Saturday, 3 December 2016

Book review: The men who bring out humanity from the dark ages

"The Clockwork Universe: Isaac Newton, the Royal Society, and the birth of the modern world" by Edward Dolnick

There was a time when London was a filthy town, a smelly feces-ridden place filled with people who thought the Great Fire of 1666 was God's wrath. It was a time when the majority of the population in Europe were dying fast due to the Plague, when medicine was still experimental and even worsening the conditions, when life expectancy was ridiculously low. It was a time when freaky autopsies on rabbits, dogs and even dead fetuses were conducted, while prosecuting and torturing criminals were the highly anticipated public attractions. Curiosity was a sin, and proof-testing God's creation was almost considered as an insult to our Creator.

In the middle of this chaos exist a group of men who think differently.
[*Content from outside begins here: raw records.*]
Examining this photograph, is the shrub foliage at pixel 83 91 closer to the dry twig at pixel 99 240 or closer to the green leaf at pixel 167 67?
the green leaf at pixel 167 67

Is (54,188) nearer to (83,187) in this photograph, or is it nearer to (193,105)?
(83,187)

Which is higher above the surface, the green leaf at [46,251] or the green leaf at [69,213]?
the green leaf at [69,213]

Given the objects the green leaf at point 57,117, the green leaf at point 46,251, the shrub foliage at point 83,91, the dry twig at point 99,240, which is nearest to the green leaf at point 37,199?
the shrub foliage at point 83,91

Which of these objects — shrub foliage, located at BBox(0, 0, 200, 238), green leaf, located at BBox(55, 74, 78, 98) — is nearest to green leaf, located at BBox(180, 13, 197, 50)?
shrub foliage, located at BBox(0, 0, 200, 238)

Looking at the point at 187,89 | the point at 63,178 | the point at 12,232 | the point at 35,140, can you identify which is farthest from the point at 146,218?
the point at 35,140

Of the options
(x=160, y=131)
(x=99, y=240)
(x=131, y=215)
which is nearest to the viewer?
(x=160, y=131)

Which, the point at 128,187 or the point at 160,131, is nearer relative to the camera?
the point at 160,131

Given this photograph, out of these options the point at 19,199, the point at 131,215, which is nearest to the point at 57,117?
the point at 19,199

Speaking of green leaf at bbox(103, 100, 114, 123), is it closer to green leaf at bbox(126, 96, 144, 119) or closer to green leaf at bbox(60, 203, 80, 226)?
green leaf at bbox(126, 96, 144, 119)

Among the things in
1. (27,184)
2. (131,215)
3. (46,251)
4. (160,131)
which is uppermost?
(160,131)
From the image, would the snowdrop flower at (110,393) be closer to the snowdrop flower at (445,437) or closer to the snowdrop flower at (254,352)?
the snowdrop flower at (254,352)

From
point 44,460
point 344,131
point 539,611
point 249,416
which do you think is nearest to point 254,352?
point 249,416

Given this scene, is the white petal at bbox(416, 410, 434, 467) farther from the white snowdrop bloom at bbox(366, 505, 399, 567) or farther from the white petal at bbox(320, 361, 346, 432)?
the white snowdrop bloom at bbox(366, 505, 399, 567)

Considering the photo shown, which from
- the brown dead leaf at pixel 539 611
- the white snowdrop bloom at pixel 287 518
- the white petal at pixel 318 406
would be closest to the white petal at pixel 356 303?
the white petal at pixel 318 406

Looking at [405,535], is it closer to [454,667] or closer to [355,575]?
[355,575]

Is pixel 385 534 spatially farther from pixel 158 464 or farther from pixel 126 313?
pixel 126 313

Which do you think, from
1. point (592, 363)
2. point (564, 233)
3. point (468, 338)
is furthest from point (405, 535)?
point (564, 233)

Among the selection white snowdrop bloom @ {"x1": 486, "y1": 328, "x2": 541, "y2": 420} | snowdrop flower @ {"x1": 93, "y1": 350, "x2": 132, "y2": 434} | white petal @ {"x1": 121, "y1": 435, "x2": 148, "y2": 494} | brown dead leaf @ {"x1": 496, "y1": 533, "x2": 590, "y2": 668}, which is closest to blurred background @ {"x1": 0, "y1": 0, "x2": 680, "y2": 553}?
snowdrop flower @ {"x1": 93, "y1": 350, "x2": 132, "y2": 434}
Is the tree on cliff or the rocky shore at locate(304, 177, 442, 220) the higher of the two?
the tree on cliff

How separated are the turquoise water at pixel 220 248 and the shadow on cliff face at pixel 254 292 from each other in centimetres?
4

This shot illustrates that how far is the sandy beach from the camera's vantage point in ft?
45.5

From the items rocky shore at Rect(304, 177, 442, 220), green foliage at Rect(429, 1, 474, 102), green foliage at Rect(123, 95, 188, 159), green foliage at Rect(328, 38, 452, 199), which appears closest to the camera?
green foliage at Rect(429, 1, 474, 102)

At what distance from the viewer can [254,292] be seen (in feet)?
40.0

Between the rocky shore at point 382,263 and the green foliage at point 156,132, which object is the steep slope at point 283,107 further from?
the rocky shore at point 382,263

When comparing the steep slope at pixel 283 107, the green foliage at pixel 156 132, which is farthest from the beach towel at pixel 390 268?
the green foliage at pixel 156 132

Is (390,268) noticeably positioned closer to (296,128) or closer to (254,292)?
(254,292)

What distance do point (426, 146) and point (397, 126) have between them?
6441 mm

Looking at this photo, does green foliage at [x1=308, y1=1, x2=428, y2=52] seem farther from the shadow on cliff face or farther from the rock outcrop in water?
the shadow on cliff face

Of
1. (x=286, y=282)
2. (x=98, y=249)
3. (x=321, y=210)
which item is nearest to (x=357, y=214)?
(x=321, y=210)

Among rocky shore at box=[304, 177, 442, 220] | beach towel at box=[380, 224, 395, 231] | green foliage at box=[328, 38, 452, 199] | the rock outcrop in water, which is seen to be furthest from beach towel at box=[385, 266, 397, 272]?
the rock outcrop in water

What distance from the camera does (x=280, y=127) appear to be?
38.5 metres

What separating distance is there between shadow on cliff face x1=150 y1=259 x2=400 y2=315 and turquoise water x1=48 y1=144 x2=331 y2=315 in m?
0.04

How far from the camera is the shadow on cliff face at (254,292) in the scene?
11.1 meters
Who think that God is a mathematician, and the universe operates in precise mathematical codes and moves like a clockwork. These men conducted experiments, made many breakthroughs in human knowledge, and challenged the bleak perception of the world they used to live in. This group of men was called the Royal Society, and one of their superstar members was Isaac Newton.

This book is the history of science, an incredible story of several brilliant minds "cracking the codes" that God has created masterfully. It is the evolution of scientific knowledge from the times of Aristotle, Copernicus, Pascal, Kepler, and Galileo, which have paved the theoretical background for the brilliant story of our protagonist Isaac Newton.
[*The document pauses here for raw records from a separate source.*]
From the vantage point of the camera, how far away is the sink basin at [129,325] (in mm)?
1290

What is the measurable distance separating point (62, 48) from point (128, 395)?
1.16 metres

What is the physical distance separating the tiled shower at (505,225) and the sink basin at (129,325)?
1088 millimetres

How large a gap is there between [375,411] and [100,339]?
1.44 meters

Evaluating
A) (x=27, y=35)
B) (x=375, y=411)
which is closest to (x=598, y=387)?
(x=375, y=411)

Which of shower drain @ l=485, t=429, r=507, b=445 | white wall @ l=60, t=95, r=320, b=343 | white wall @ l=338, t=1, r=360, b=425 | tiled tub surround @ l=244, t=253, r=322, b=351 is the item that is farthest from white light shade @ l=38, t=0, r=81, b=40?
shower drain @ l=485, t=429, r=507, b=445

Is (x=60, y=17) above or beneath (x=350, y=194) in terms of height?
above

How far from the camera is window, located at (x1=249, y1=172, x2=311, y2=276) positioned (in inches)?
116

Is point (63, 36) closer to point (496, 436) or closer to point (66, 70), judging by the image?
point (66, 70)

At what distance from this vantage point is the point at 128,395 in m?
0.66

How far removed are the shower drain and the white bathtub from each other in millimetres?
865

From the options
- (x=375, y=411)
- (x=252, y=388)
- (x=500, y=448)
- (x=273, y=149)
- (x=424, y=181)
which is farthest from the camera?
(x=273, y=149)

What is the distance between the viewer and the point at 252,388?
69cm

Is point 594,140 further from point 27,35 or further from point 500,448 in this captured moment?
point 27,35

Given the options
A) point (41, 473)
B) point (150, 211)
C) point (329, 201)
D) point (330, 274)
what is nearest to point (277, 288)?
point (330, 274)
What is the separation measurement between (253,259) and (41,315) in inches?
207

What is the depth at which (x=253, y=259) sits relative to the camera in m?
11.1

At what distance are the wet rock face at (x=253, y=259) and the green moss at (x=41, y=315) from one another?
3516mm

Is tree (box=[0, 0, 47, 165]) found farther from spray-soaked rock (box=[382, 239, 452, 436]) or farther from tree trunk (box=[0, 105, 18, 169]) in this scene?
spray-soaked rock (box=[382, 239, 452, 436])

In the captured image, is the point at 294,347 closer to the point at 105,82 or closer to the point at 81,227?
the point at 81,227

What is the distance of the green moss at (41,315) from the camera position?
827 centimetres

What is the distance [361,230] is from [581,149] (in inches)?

It is the story of the long struggle to proof, for instance, that the world is round, that it is spinning on its own axis and it is rotating the sun. About how the planets in our solar system were discovered. It is about the origins of many mathematical tools, such as how Descartes came to create the X and Y graph we frequently use today. And it is also about the true account of the discoveries, instead of the myth, of the famous eureka moments like Newton's apple tree and Archimedes' bath that was actually untrue.

The theoretical debates were intense, the rivalries were bitter, the struggles were human, and the failed experiments even the public reactions were all narrated into an intriguing story of origins for every physics laws. Ultimately, this book is the journey about how humanity came out from the dark ages, and how these gifted men sparked the beginning of the modern world that evolves around scientific discoveries, which last till this day.